Why identity verification needs to be a part of your digital transformation strategy

Smartphones and tablets are an indispensable part of daily life, and consumers expect nothing less than a streamlined mobile experience. With this in mind, businesses are focusing on digital transformation efforts in order to deliver an excellent customer experience. According to a recent Forrester report, 56 percent of companies said digitization is currently underway, and 38 percent of companies said digital transformation will have the greatest effect on business decisions over the next year.

As companies evolve to stay competitive in an increasingly digital world, most interactions with customers will now occur on a screen rather than in person. This means stronger security measures need to be implemented, and a seamless customer experience maintained, in order to sustain customer loyalty.

Digital identity verification is an unsung hero in an organization’s digital transformation strategy because companies must verify that a person’s digital identity matches their physical identity when conducting business online. As a key driver of digital transformation, the identity-verification-as-a-service market is expected to reach up to $20 billion by 2022, according to McKinsey.

Here are three key reasons why identity verification needs to be part of your company’s digital transformation strategy.

Previous verification methods are now outdated

Consumers now demand a seamless digital experience and your business will suffer if you don’t have one in place. With the continued emergence of digital-first, companies must anticipate the growing consumer desire to have everything they need at their fingertips while also providing a good digital experience.

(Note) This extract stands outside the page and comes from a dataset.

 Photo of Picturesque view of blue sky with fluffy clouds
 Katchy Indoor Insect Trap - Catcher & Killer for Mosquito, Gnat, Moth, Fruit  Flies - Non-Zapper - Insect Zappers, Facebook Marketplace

The process for providing a secure way to verify a consumer’s identity online is also changing. Why? Traditional authentication methods such as two-factor authentication and knowledge-based authentication are no longer recommended by the National Institute of Standards and Technology. Knowledge-based authentication questions are easy for users but are also based on information easily found on social media, through other sources of publicly available information, or through the dark web (courtesy of recent large-scale data breaches), making it easy for fraudsters to answer security questions. Two-factor authentication can be problematic because fraudsters are also able to play man-in-the-middle and can intercept SMS messages meant to be sent to the user.

Aside from the security concerns linked to both of these authentication methods, businesses also run the risk of a frustrating customer experience—users might find knowledge-based authentication questioning intrusive, and a missing authentication factor (smartphone, key fob) can easily derail the two-factor authentication process.

Companies need to earn and maintain customer trust

For companies looking to digitally evolve, it’s imperative to keep customers’ trust through secure business processes. A recent PwC survey found only 25 percent of consumers believe companies handle their personal information responsibly and 87 percent will take their business to a competitor if they don’t trust a company to handle their data responsibly. Following the Cambridge Analytica debacle, consumers’ trust is now harder to earn than ever before.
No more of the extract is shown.